§ INSTRUCTIONS FOR THE TASK:
For the data below, transcribe the part that opens with the line containing "DPRD Jayapura minta" and closes with the line containing "Verwijderbare desktopeenheid - afbeelding", exactly and with no pictures.

§ GIVEN DATA:
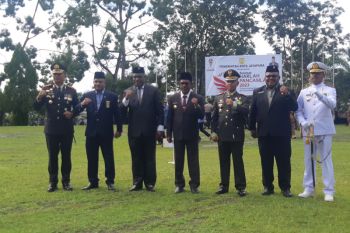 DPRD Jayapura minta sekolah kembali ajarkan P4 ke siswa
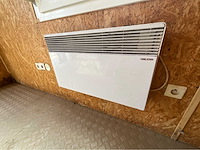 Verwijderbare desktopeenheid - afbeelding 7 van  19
...
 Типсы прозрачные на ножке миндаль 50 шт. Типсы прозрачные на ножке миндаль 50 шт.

§ ANSWER SECTION:
 DPRD Jayapura minta sekolah kembali ajarkan P4 ke siswa
 Verwijderbare desktopeenheid - afbeelding 7 van  19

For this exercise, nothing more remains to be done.